Top tier Nigerian banks have been rated bullish in the recent Citi Bank financial forecast released last week. Banks such as Access and UBA, according to Kato Mukuru, Director of Citi Investment Research, for CEEMEA are currently undervalued and may have a 20 percent upside for their stock price over the next 12 months.
“We resume coverage of Access Bank with a Buy rating and target price (TP) of N15/share.
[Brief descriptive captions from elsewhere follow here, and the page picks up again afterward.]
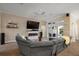 Cozy living room with fireplace and view to backyard. Comfortable sectional sofa and neutral tones at 6243 Danielson Loop, The Villages, FL 32163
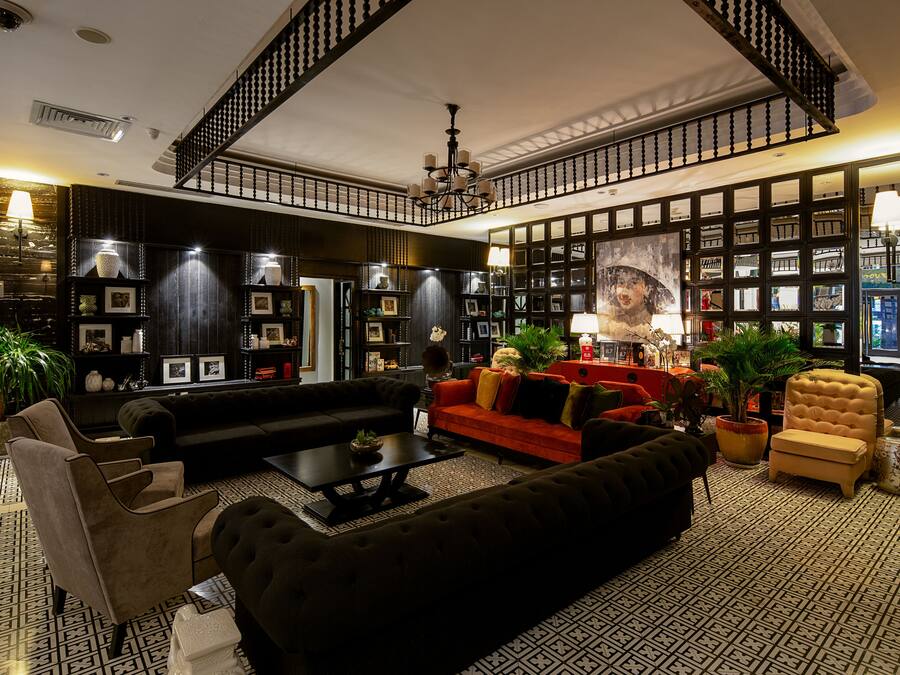 Un salón amplio con un sofá negro, un sofá rojo y un sillón amarillo. Se observan varias estanterías llenas de libros y objetos decorativos. En la pared se ve un cuadro de gran tamaño y, al fondo, una escalera con barandilla.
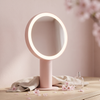 Cherry blossom pink LED vanity mirror on a pale oak dressing table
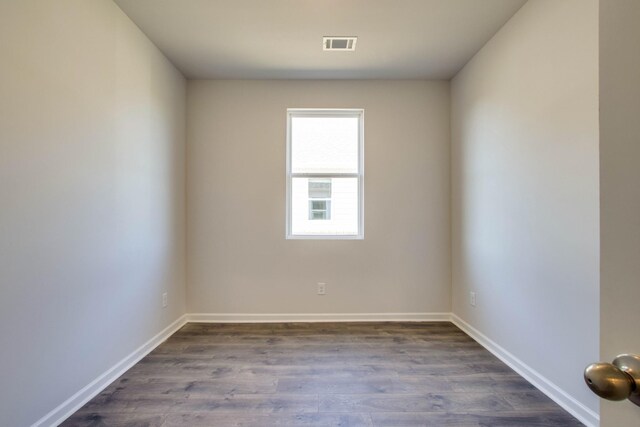 empty room featuring baseboards, visible vents, and dark wood-style flooring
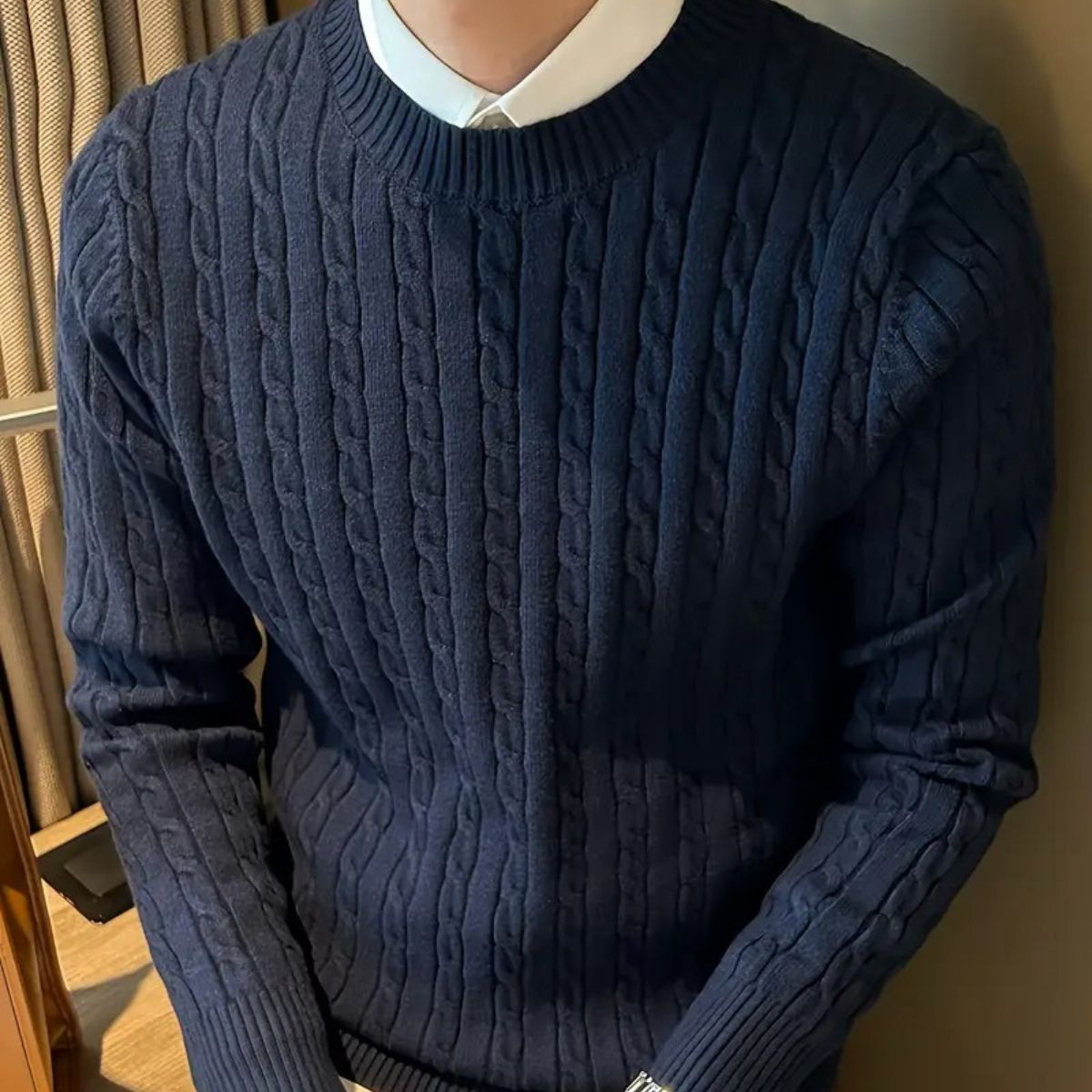 Navy cable-knit crewneck sweater with detailed cable texture and ribbing
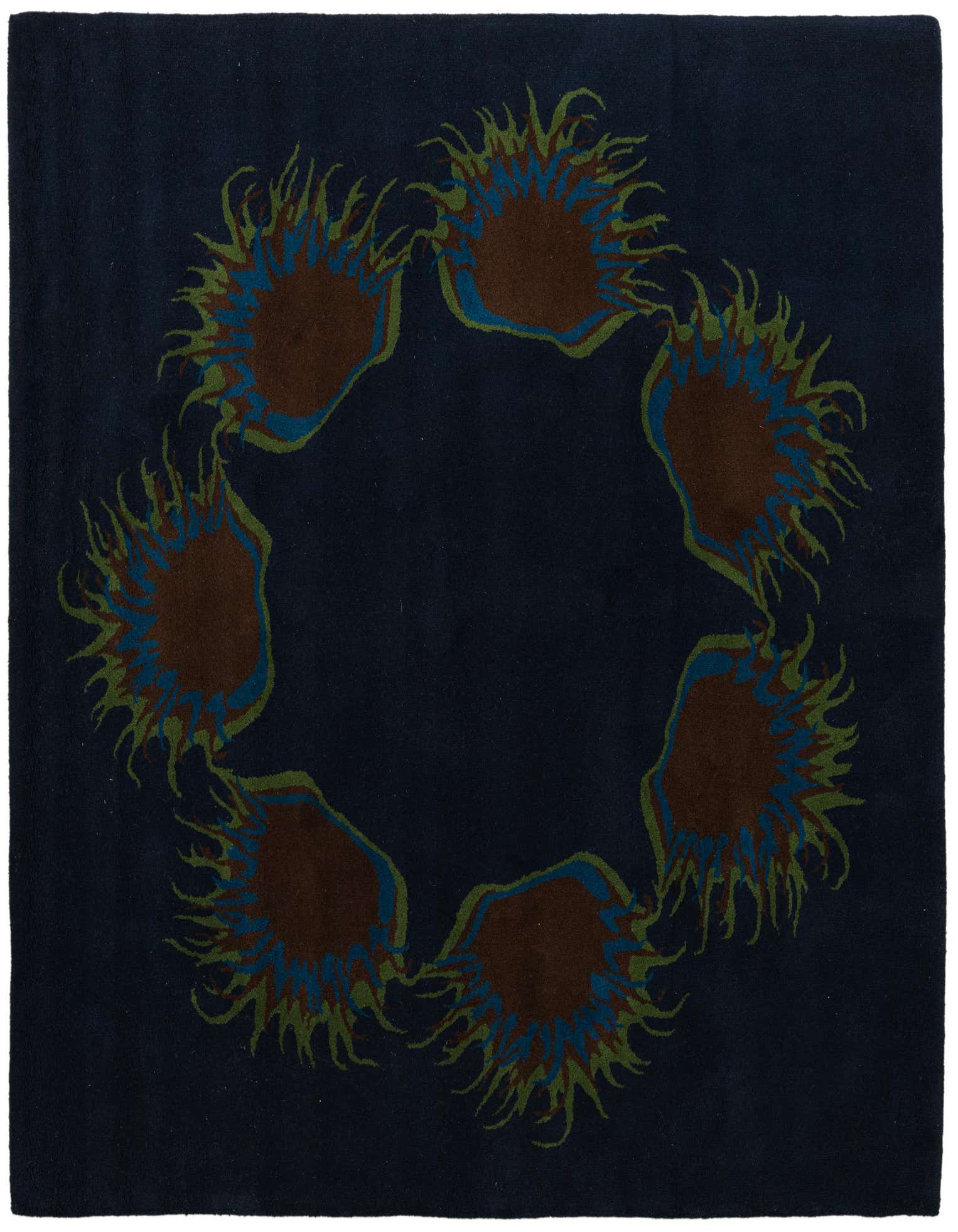 A square navy blue wool rug featuring a circular arrangement of abstract brown, blue, and green floral shapes.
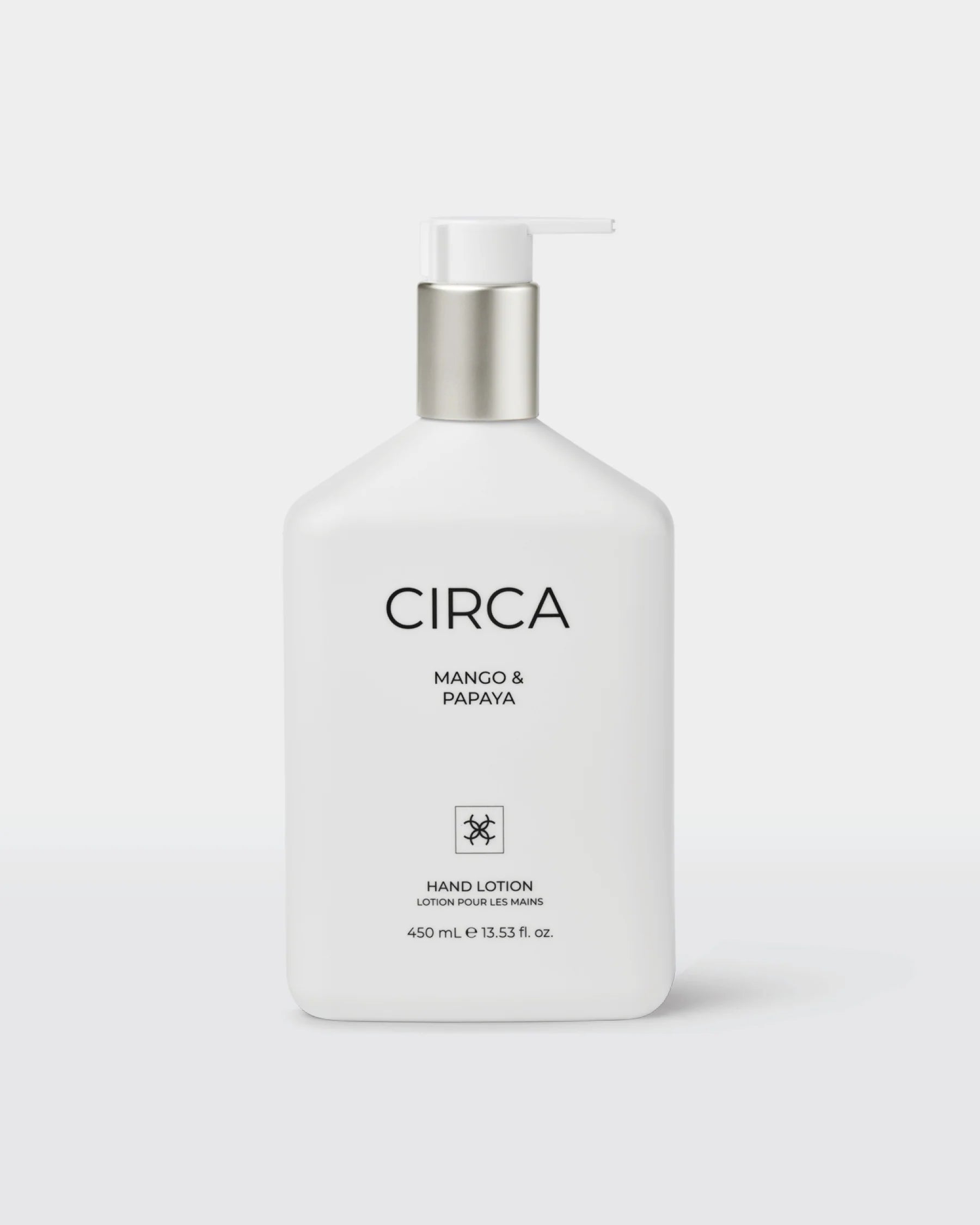 Circa Mango & Papaya hand lotion in 450ml pump bottle, featuring tropical fruit scent and moisturizing formula.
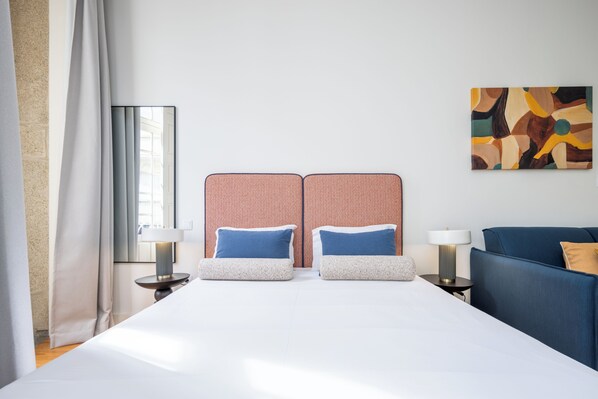 Une chambre d’hôtel avec un grand lit, deux tables de chevet avec des lampes, un canapé bleu et un tableau au mur.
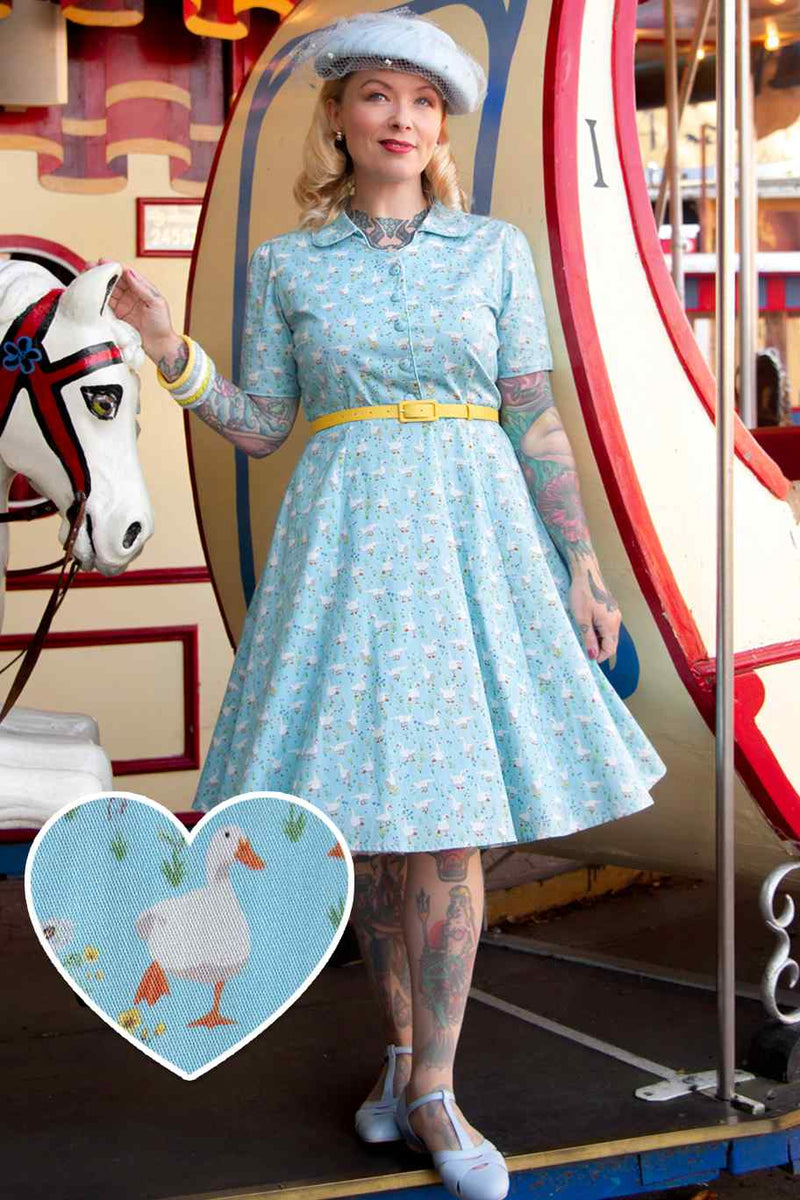A model wearing a Duck Farm Shirt Dress In Light Blue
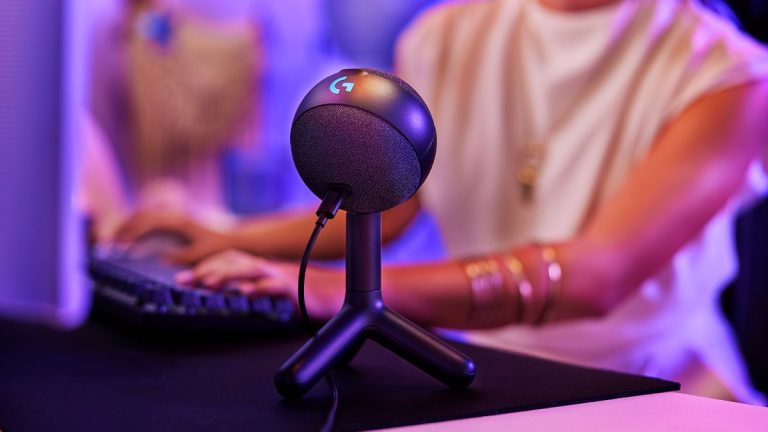 Logitech G Yeti Orb gaming microphone on a desk.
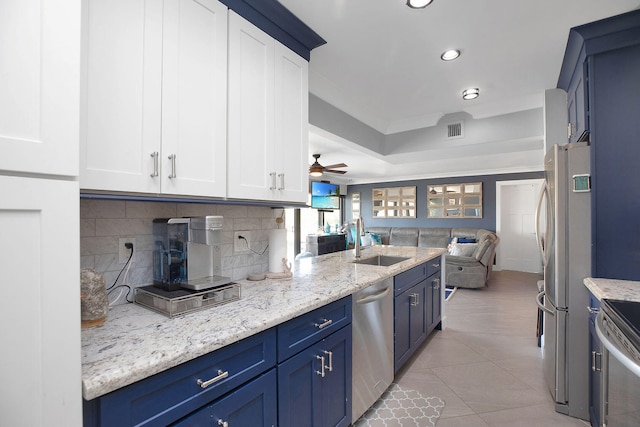 kitchen with sink, decorative backsplash, stainless steel appliances, and blue cabinets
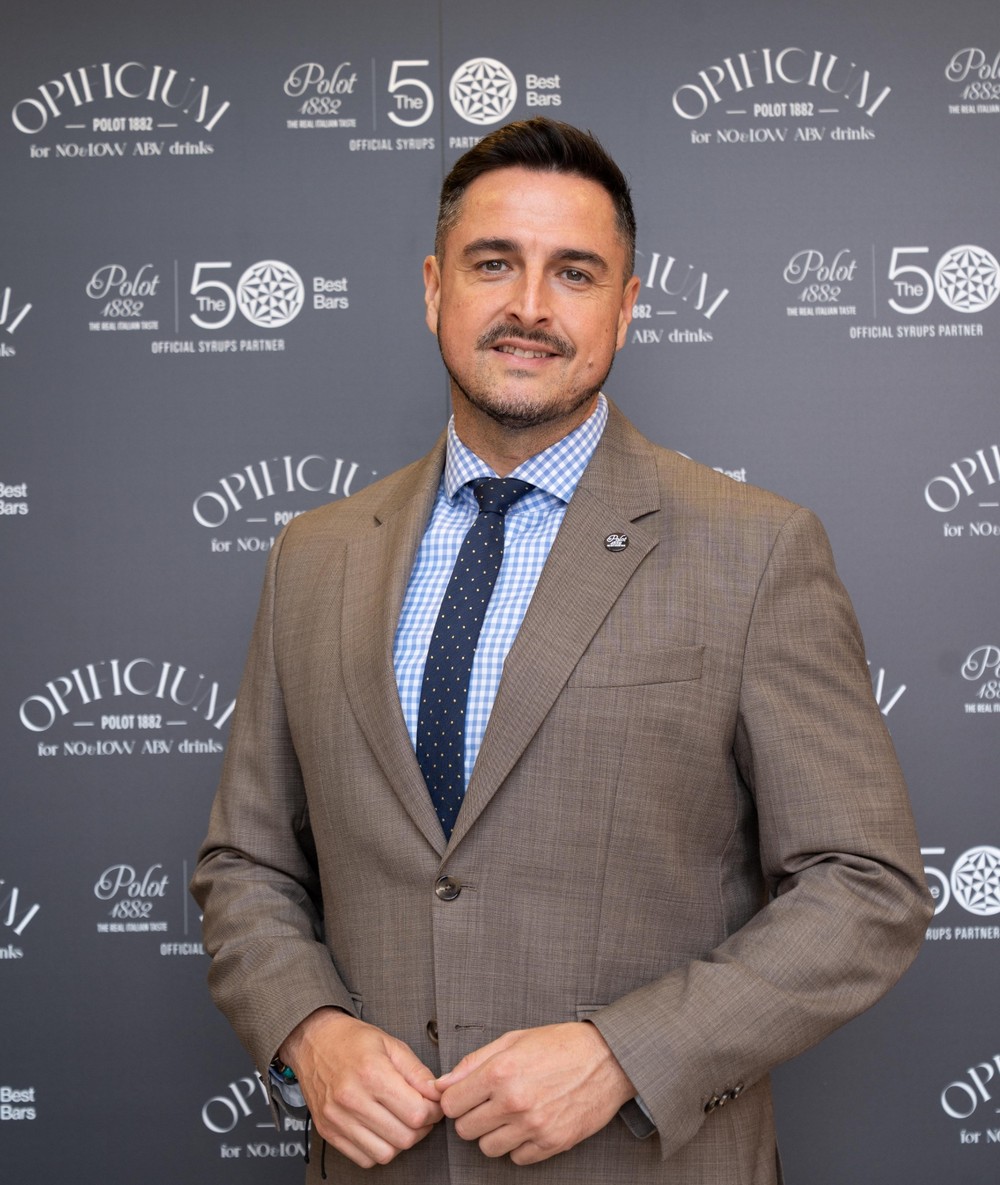 Muž v béžovom saku a svetlomodrej kockovanej košeli s tmavomodrou kravatou na pozadí brandovaného eventového banera s logami Opilici a Polot 1882.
With the strongest potential earnings growth over the forecast period, Access Bank is the top pick in our universe of Nigerian banks,” Dubai based Mukuru said in an update of financial forecasts.
“At a current valuation of 1.02x its 2013 estimated book value per share (BVPS) and 5.0x its 2014 estimated earnings per share (EPS), we believe that the market is overly discounting its ability to build its returns to at least 21.5 percent by 2017 estimate (from 19.1 percent at FY12) and grow its share of system profits to 11 percent of total by 2017 (from 8 percent in FY12),” Mukuru said.
UBA was also mentioned as a top pick for Citi for standing out as the only Tier 1 bank with an asset share (11 percent) higher than its profit share (10 percent).
“Following our earnings upgrades, we raise our fair value
estimate for UBA to N11/share (from N8.50). We raise our 2013, 2014 and 2015 EPS forecasts by 31 percent, 18 percent and 20 percent,” Mukuru said.
Overall with Nigeria’s Tier 1 banks trading on a 2013 price to earnings P/E of 6.93 xs with a 2013E return on assets RoA of 2.72 percent, they remain very attractive within a CEEMEA context according to Mukuru.
“We think one should BUY the banks that will own the bulk of the system’s profit pool in 2017 – the Tier one banks.”
Using estimates of each Tier 1 bank’s profit shares, the top-down value of the Tier 1 banks is N3.2 trillion ($21bn); 1.85x its 2013E book value and 7.3x its 2014 earnings, according to Mukuru.
This compares with the current market valuation of N2.7 trillion ($17bn) for the five tier one banks; First Bank, Zenith, GTB, Access and UBA.
The valuation also compares favorably to Citi’s universe of CEEMA banks which trade on a 2013 P/E of 8.82 xs with a 2013 RoA of 1.97 percent.
Nigerian bank shares have had a great ride over the past 15 months, with bank stock prices up 112 percent on average.
Mukuru says 15 months ago, Nigerian banks were a straightforward play on earnings recovery, supported by a strong macro environment and rising rates and the call then was simply to pick the stock with the strongest potential RoAE recovery and largest sector discount.
However today, the expected RoAE pick-up (on average) across the banks is only 2pps (from 23 percent in 2012 to 25 percent in 2017) and banks are no longer trading on heavy discounts to historical averages.
So, tomorrow’s equity story is a play on profit share growth -over the next five years- which the tier one banks will dominate, according to Mukuru.
Citi values the potential size and profit of the banks in the future by assuming asset penetration of the banking system increases to 68 percent of GDP by 2017 (from 49 percent of GDP at FY12), banking system profits are also expected to grow to N1.042 trillion by 2017 ($7bn) from Citi’s estimate of N481bn ($3bn) in 2012 (a 2012-17compound annual growth rate CAGR of 17 percent), which will translate into a 2017E RoA & RoE of 2.11 percent and 22 percent, respectively.
Zenith and First Bank are rated a buy and are Citi’s preferred long-term plays on the Nigerian banking system because of their strong customer brands, liquidity and solvency , while GTB is a Neutral, according to Mukuru.